Skywork R1V

AI Models Large Language Models

8 min read

Updated Jun 8, 2026

Suggest edit History Talk

RawGraph

Last edited

Jun 8, 2026

Fact-checked

In review queue

Sources

11 citations

Revision

v1 · 1,645 words

Fact-checks are independent of edits: a reviewer re-verifies the article against its sources and stamps the date. How we verify

Skywork R1V is a family of open-weight multimodal vision-language models built for chain-of-thought reasoning, developed by Skywork AI, the large-model team of the Chinese technology company Kunlun Tech (Kunlun Wanwei). The series brings the long, step-by-step "thinking" style popularized by text reasoning models such as DeepSeek-R1 to inputs that combine images and text, letting the model reason through math and science diagrams, charts, and other visual problems before answering. Three open-source generations were released over 2025: Skywork-R1V in March, Skywork-R1V2 in April, and Skywork-R1V3 in July, each a 38-billion-parameter model published with weights, inference code, and a technical report on Hugging Face and GitHub.^[1]^[2]^[3] A fourth, closed-source agentic variant, Skywork-R1V4-Lite, followed in November 2025.^[4]

Overview

The R1V models address a gap that opened in early 2025: text-only reasoning models like DeepSeek-R1 and OpenAI's o1 showed that long reinforcement-learned chains of thought could dramatically improve performance on math and code, but those gains did not automatically extend to problems posed as images. Skywork's stated goal was to transfer this reasoning ability into the multimodal setting efficiently, without retraining a large language backbone from scratch, so that a model could examine a figure or diagram and reason about it in the same deliberate, multi-step way.^[1]^[5]

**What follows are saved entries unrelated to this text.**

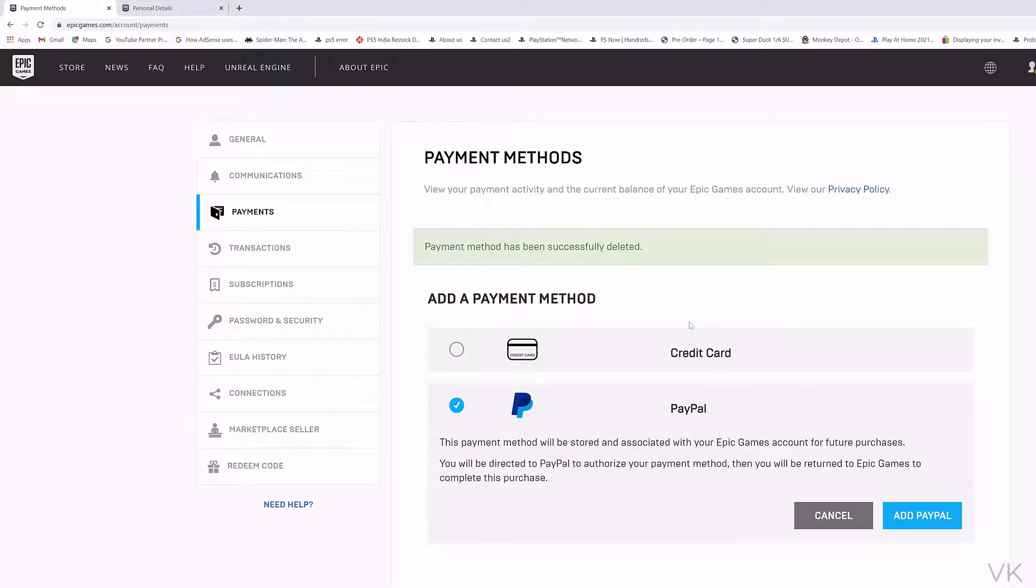If you have added PayPal account, just follow the same steps what we have did for credit card.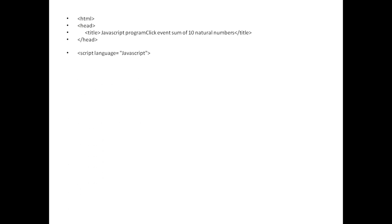After closing head, I am defining script language equal to JavaScript. I'm going to write the program into the body section. I should start with the body tag. Then you write script language equals JavaScript, open the braces. Now I am defining function sum_10. You can assign any name to a function. The keyword function tells that my function will start here.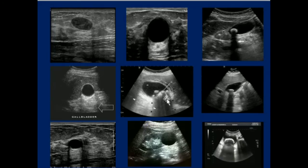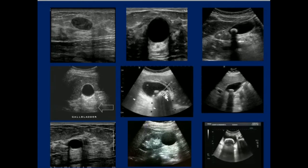This is a good image where we can appreciate both posterior shadowing and posterior enhancement. This is basically the gallbladder containing stones in its dependent portion. Acoustic shadowing occurs when the sound waves encounter a very dense structure and nearly all of the sound is reflected, resulting in acoustic shadowing. Thank you.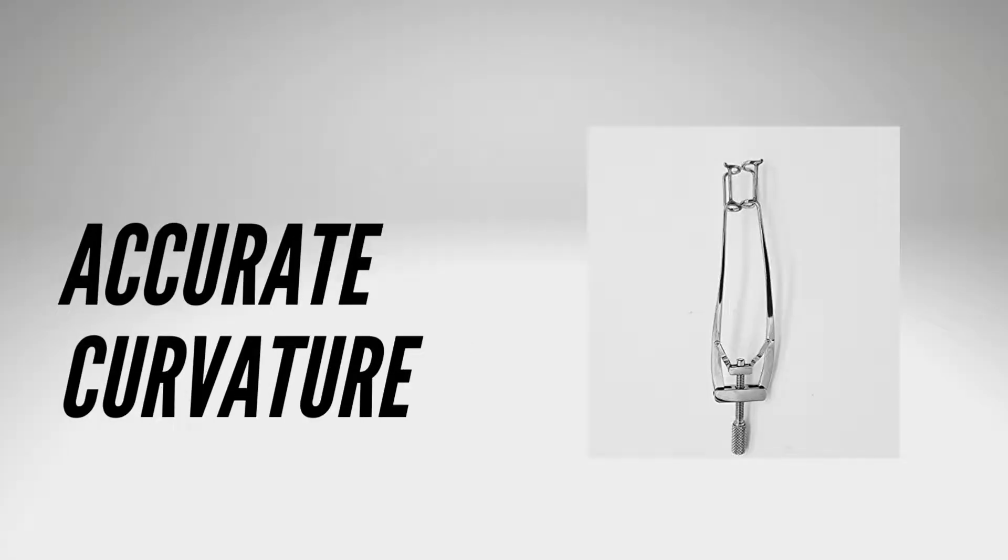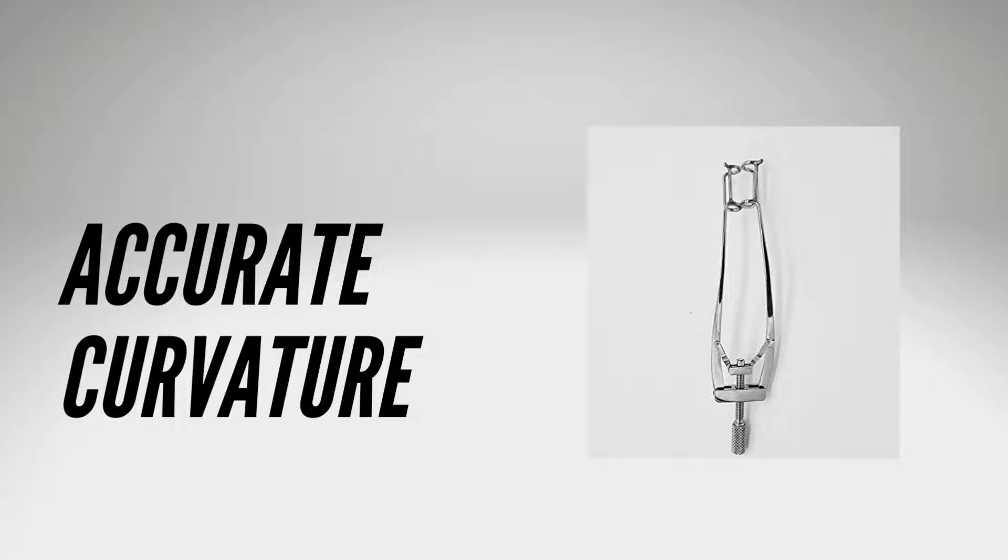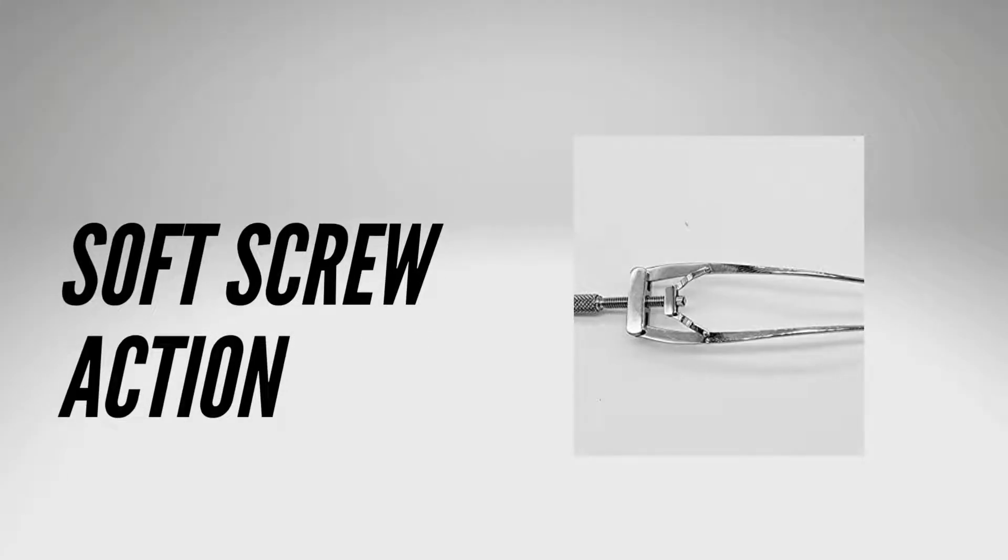The curvature of the blades corresponds to the orbital anatomy, allowing lid opening without exerting pressure on the globe. The soft spring action protects the eyelid from excessive stretching and injury during surgery.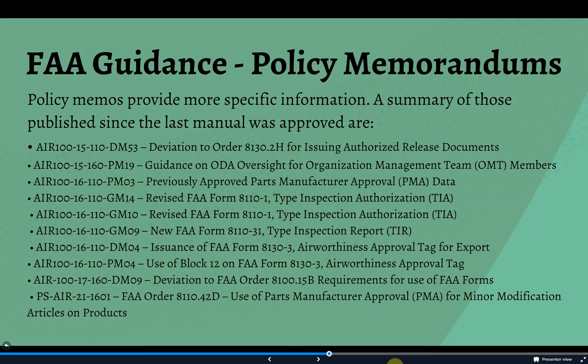More specific information can be provided by the FAA in policy memorandums, which usually come about because someone asked a question or there's evidence that industry needs clarification. Recent policy memos since the last manual was approved include: DM53, regarding the 8130.2 change; PM19, helping OMTs understand how to oversee ODAs; PM03, about PMA data; GM14 and GM10, which both address the new TIA form; GM09, covering the new TIR form; DM04 and PM04, covering 8130-3 tags and new requirements; DM09, which allows ODAs to use FAA forms but adapt them for their own needs; and 1601, which also addresses PMA data.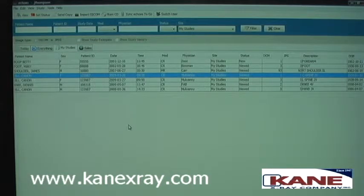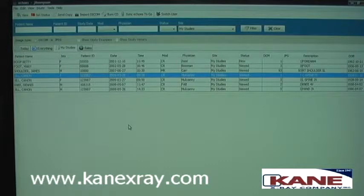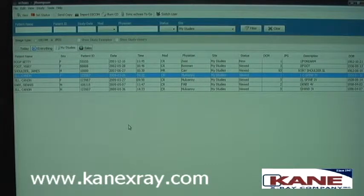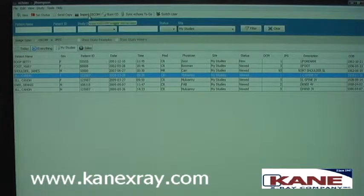If you receive a CD from a referring physician or another location and you'd like to import it into your server, simply hit the import DICOM button.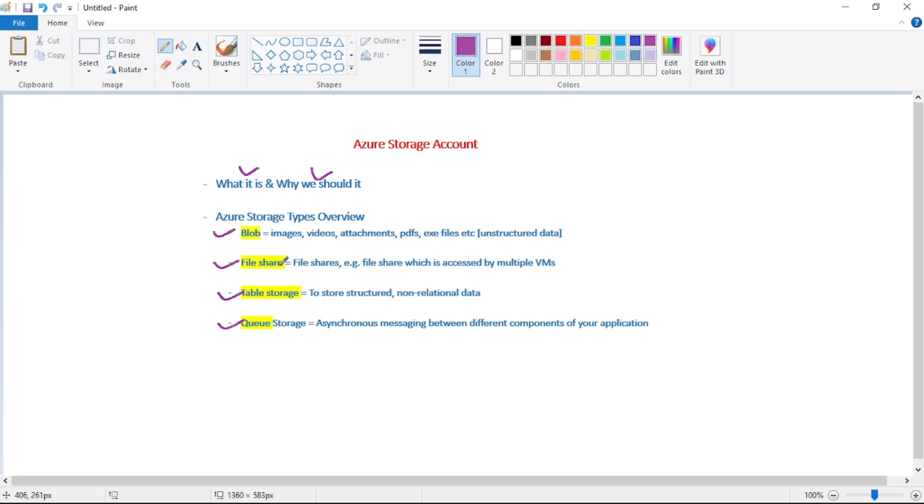Then we have file share. So again, it is file share. For example, let's say that file share is accessed by multiple VMs. So I know guys you might not be getting at this point what is exactly this file share, so don't worry, we will anyway cover in detail in our upcoming videos. And again, this is just an overview.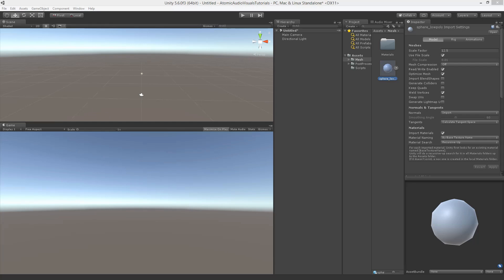If you're using the icosahedron provided by me, then make sure the scale factor is 12.5, because then it's the same scale as the normal sphere of Unity.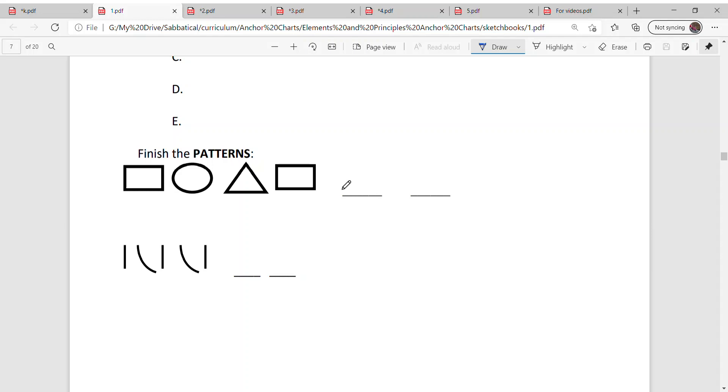What do you think comes next if it is a pattern? Rectangle, circle, triangle, rectangle, circle, then triangle.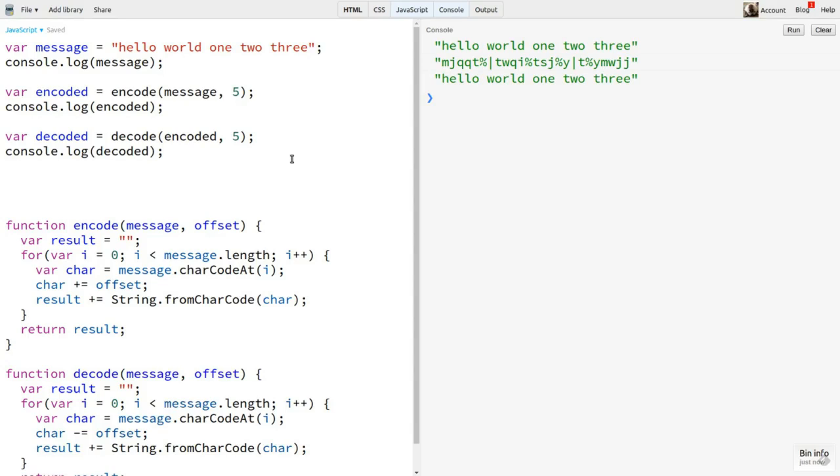So now, unless someone knows what offset to use, they'll never know what I wrote. Hmm, yeah, sure. Actually, ciphers like this are super easy to figure out, even without computers. In fact, they use as casual puzzles in newspapers.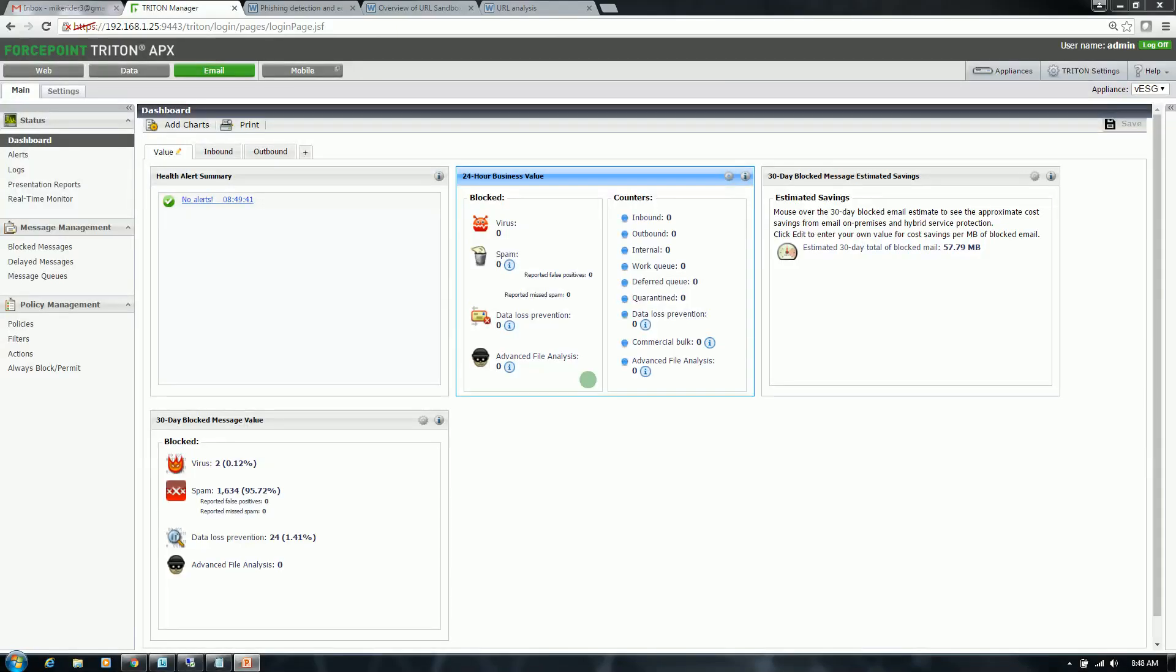Hello. In this video, I'm going to demonstrate ForcePoint's AP Email Phishing Detection and Education, URL Sandboxing, and URL Analysis capabilities.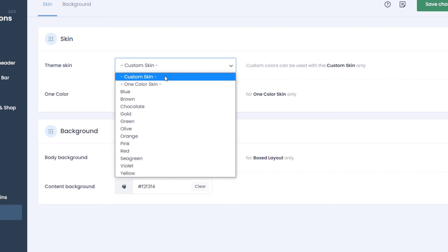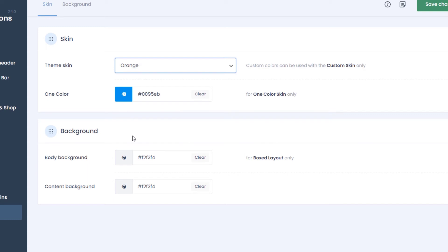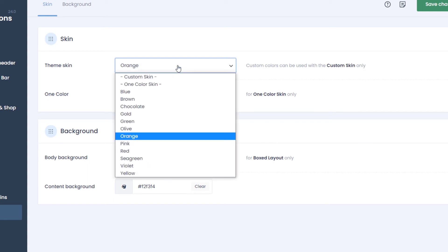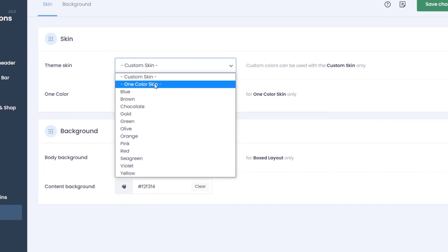You will not be able to change individual colors until you choose the custom skin option again. This also applies to one color skins.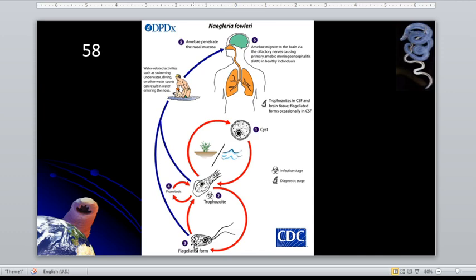The trophozoite replicates by promitosis. In promitosis, the nuclear membrane remains intact — unlike in mitosis, where the nuclear membrane does not remain intact. That is the difference.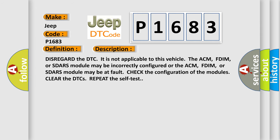The ACM, FDIM, or SDRS module may be incorrectly configured, or the ACM, FDIM, or SDRS module may be at fault. Check the configuration of the modules, clear the DTCs, and repeat the self test.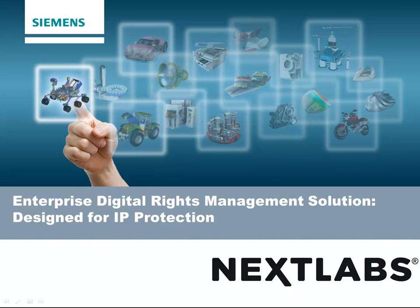In this demo, you'll see how NextLabs Rights Management extends your TeamCenter data security model to persistently protect and control your sensitive data outside of TeamCenter on any device anywhere.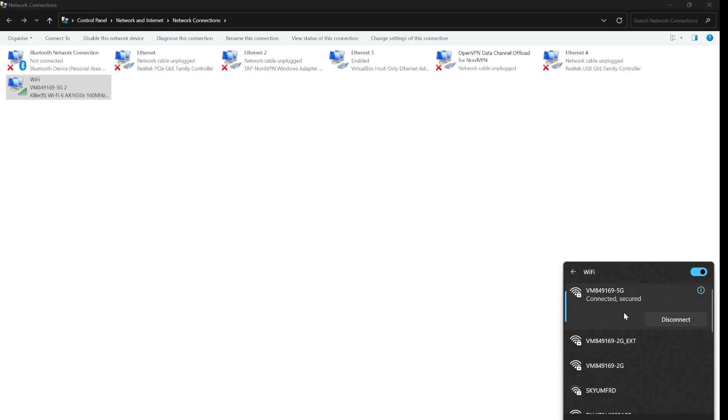Otherwise you can just leave it, oh there we go. Connected, secured. So now I've got internet again and it's all fixed.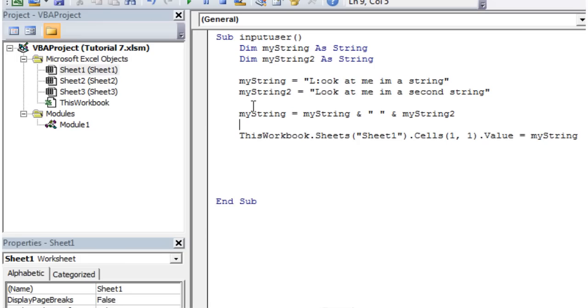And so that's going to be it for this tutorial. That's how you set up your strings. In the next tutorial I'm going to show you a couple of formulas that you can use with strings in order to kind of cut them up, mix them up, stick them together. So thanks for listening and I hope to catch you in the next tutorial.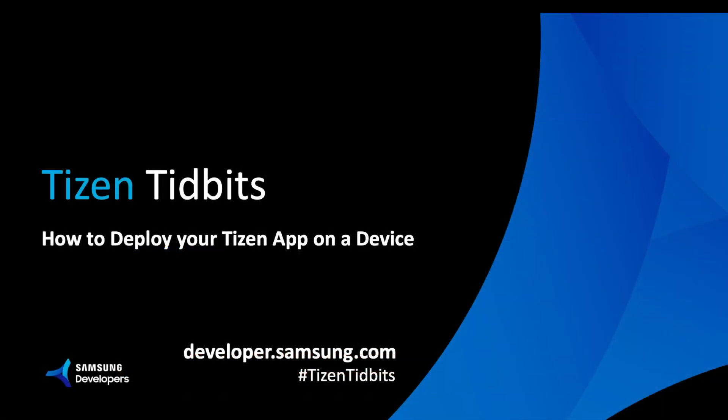I hope you guys enjoyed this new video for the Tizen Tidbit series. I think this is quite useful, especially when you are going to try to test using your own devices. And I do hope that you continue checking the rest of the videos of the series.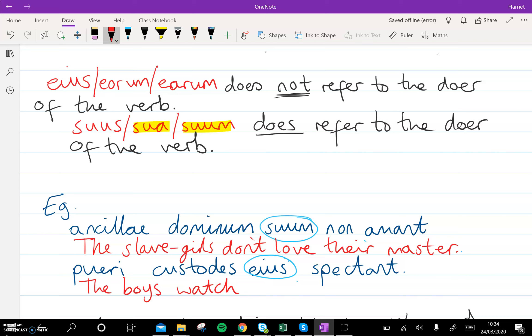We don't know whether it's masculine or feminine because that word is the same for both. So let's assume it's a man: 'the boys watch the guards of him' — so literally, in nicer English, 'his guards'.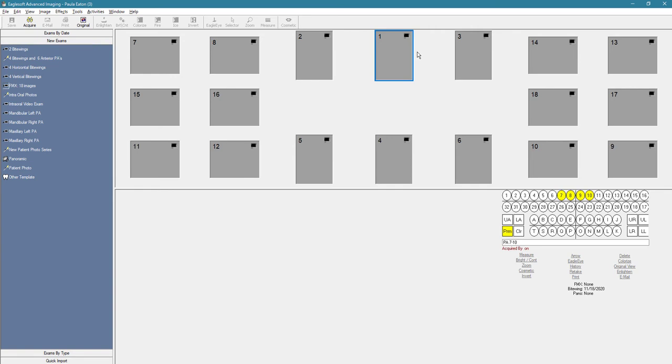And once the computer is done processing this particular image, the computer is going to auto advance to box number two.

Each generation is a 38B-parameter model that pairs a vision encoder with a reasoning-capable language backbone, connected by a lightweight projector or "connector" module, and is post-trained with reinforcement learning tailored to reasoning. Skywork releases the models under the permissive MIT license and reports benchmark results positioning them among the strongest open multimodal reasoners; as with all vendor-reported figures, the numbers below are Skywork's own claims.^[2]^[3]^[6]

Skywork and Kunlun Tech

Kunlun Tech, also known as Kunlun Wanwei, is a Beijing-based technology company founded in 2008 and listed on the Shenzhen Stock Exchange since 2015. Its Skywork (Tiangong) team builds a broad portfolio of open-weight and proprietary AI systems.^[7] Earlier work includes Skywork-13B, a bilingual (Chinese and English) large language model pre-trained on 3.2 TB of text and code and released in 2023, and Skywork-MoE, a 146B-parameter mixture-of-experts model with roughly 22B activated parameters that was upcycled from the dense Skywork-13B checkpoints.^[8]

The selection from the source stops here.